It seems as if our current society both reflects and encourages these behaviors, as media often shows sassy teenage stars who get a laugh from their rude remarks aimed at adults, who are often portrayed as unreasonable and/or less intelligent than the teenagers. Parents who are concerned about quashing their teen's independence, worried about engaging in a power struggle that they might not be able to win, or just feeling helpless in the face of the teen's strongly expressed emotions, may simply give up when their child refuses to do what is asked of him.
It's important for parents to understand that teenagers do not have the same control of their impulses that adults do, since the part of the brain that helps one think ahead and adjust behavior based on potential consequences (the prefrontal cortex), is still developing. However, even though your teenager's brain development is still in progress, she still needs to learn how to control impulsive and rude behavior, not only to make life more pleasant for those surrounding her at the time, but also because the experiences that one has during adolescence helps to wire the brain to effectively deal with emotions and impulses throughout life. Parents need to provide support and guidance that will enable such effective responses to eventually become hard-wired in the brain. Part of providing such support and guidance is setting clear boundaries about what kind of behavior will be tolerated, and what consequences exist for engaging in behavior that is not allowed.  Both teenagers and parents need to know that it is developmentally appropriate and healthy to question what is being asked of them, as long as they are not doing it in a rude or offensive manner. We do want to teach our teenager that it's important to stand up for what they believe in, and that some ways of getting what they want are more effective than others, but that sometimes standing up for oneself may include an unpleasant consequence. Here are some ways to deal with teenagers that talk back and show disrespect:
Make sure that the rules of the house are very clear and specific. You may need to say to your child (at a time when you are both calm), "We have been fighting a lot lately, so we need to sit down and clarify what my/our expectations for your behavior are, and what the consequences will be for breaking the rules."

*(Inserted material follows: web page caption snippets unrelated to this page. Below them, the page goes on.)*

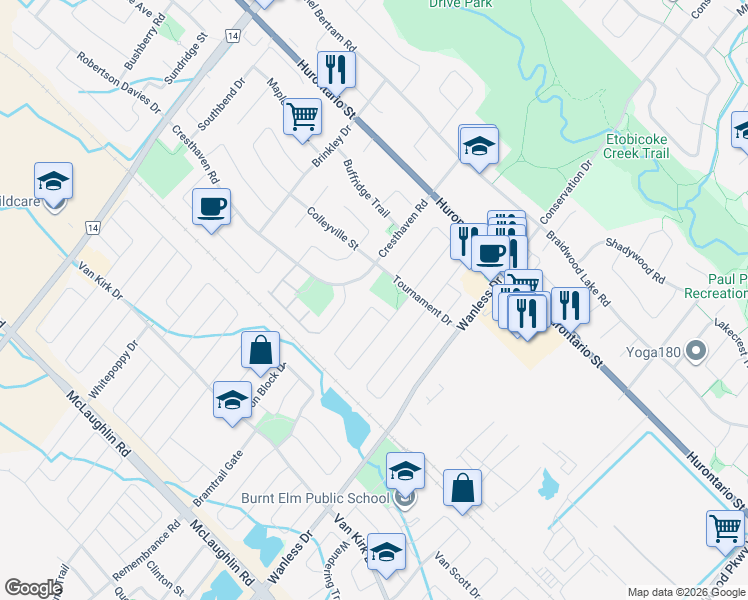 map of restaurants, bars, coffee shops, grocery stores, and more near 114 Pappain Crescent in Brampton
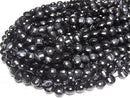 [Video] High Quality! Black Agate Faceted Coin 10x10mm 1strand beads (approx. 14 inches/34 cm)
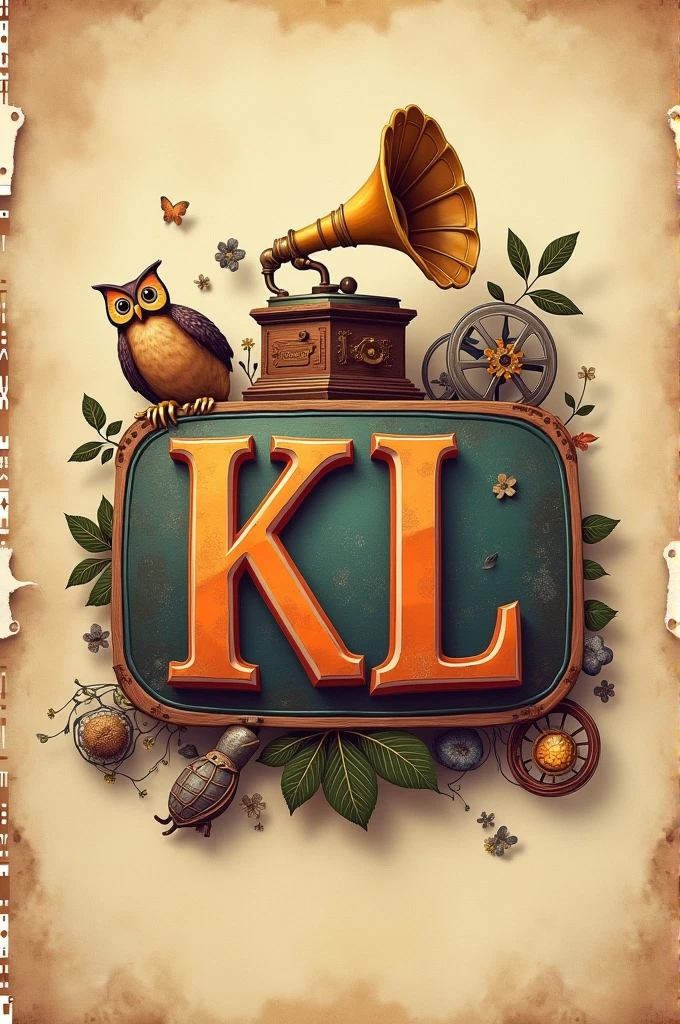 I want a youtube logo with some old memorabilia animal and add a K and L to the logo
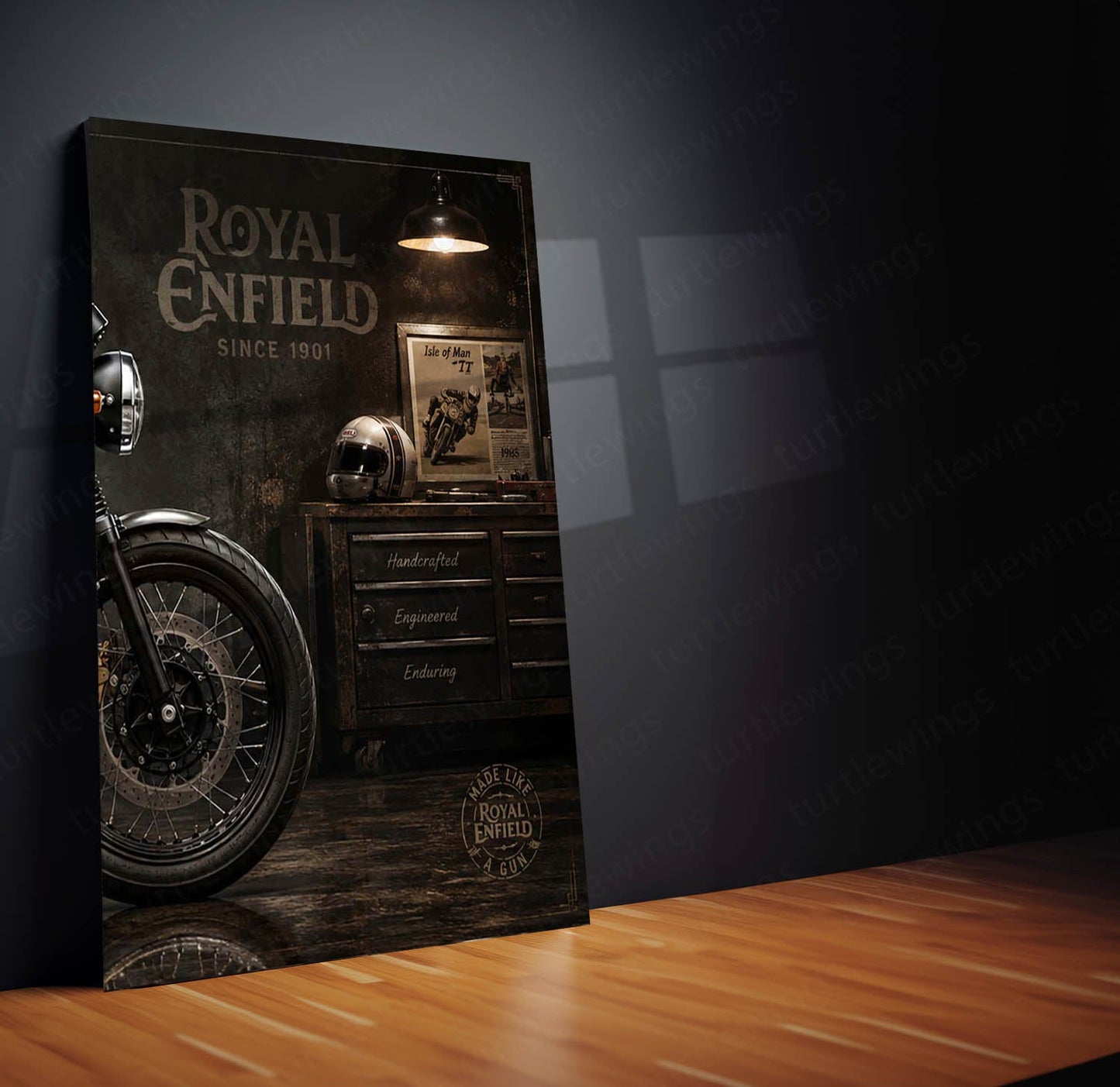 Bike Metal Poster Set of 3 | Royal Enfield Continental GT 650 Café Racer Triptych Wall Art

When your child talks back to you or refuses to do something you have asked, take a few seconds to remind yourself to stay calm, and think about what you are about to say. Do not threaten your child or yell at her, as these behaviors can cause the interaction to escalate. Simply state the behavior and remind your child of the consequences. If your child seems to be out of control (or you feel that you are getting out of control), let her know that you will continue the conversation later, and walk away.
Be confident, firm, and consistent. Do not negotiate with your child, back down, or let her draw your into an argument about the consequence that you are enforcing. Consequences are consequences and shouldn't be up for discussion or argument. If your child feels like she can argue or negotiate a consequence, she'll be more likely to continue an undesired behavior and moreover, more likely to argue even more the next time around. Do not lecture or give long-winded speeches, as your teen will simply tune out, which will in turn make you more likely to get worked up.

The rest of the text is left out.